しかし、多くのリハビリを支援してきた作業療法士でも驚いてしまうリハビリプログラムが生まれた。
鳥取県米子市蚊屋の丸合みのかや店では「買い物リハビリプログラム」がスタート。
一際ユニークなこの自立支援に注目が集まっている。

「買い物リハビリプログラム」とは

スーパーと介護保険施設が提携して行う自立支援。
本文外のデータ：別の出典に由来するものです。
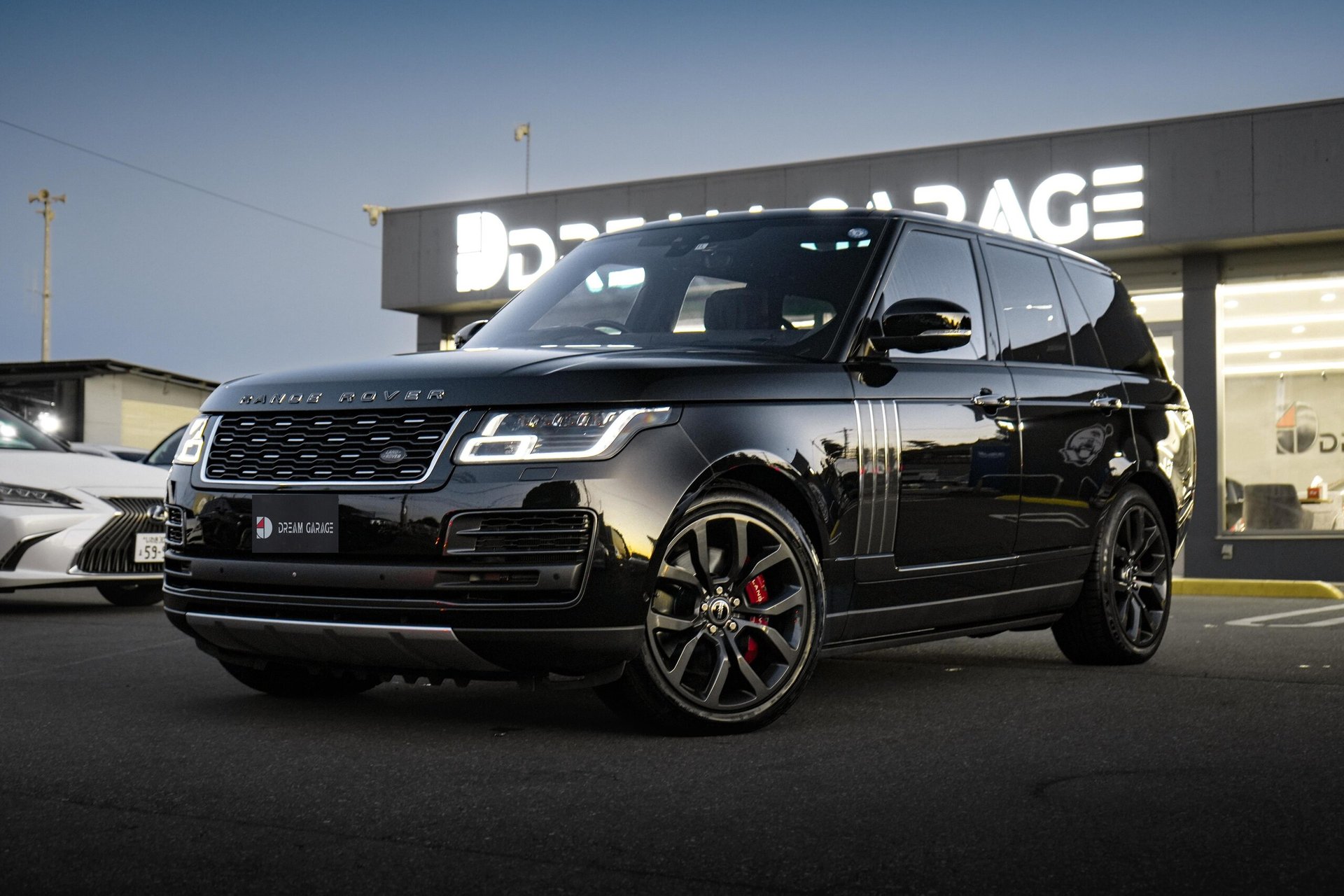 LAND ROVER RANGE ROVER - View 1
介護保険制度に基づいて作成されたケアプランが採用されている。
このプログラムを発案したのは高齢者向け買い物用カート「楽々カート」を開発した「光プロジェクト」のメンバーで、元作業療法士の杉村卓哉氏。
杉村氏はケアプランに対応する訓練プログラムも考案したという。

買い物のリハビリ効果

買い物リハビリは一般的なリハビリのイメージと大きく乖離しているが、決して奇をてらったものではない。
「買い物」という行為はリハビリ効果が高いことがわかっている。
カートを押しながら歩くことで足腰の歩行訓練になることはもちろん、買い物自体が気分転換となることも大きく、充実感を味わいながらリハビリができるのだ。
また、「これが欲しい」「あれが必要」と取捨選択することは高齢者にとって非常に大切なことだと言える。
意欲的に物事を思考しないと脳の老化は著しいものになるのだが、買い物で思考を巡らせることで衰えを防止できるだろう。
作業療法士の仕事はただのリハビリ補助だけではない。
リハビリを滞りなく行うために、患者の心のケアも作業療法士ならば怠ってはいけないのだ。
楽しみながら買い物をすることで、ストレスを適度に発散し、患者の精神的負担を軽減する働きにも期待できる。

支援活動の一環

買い物のリハビリ効果が高いからといって、ケースによっては控えなければならないこともあるだろう。
高齢者の状態にも気を配らなければならないため、リハビリの知識に疎い方が自己判断で買い物をする・させるのは危険だと言える。
今回のケースはスーパーと介護保険施設が連携しているからこそ行える自立支援だ。
安全な場所、安全なリハビリができるという確信と共になされるこのプログラムの結果に注目していきたい。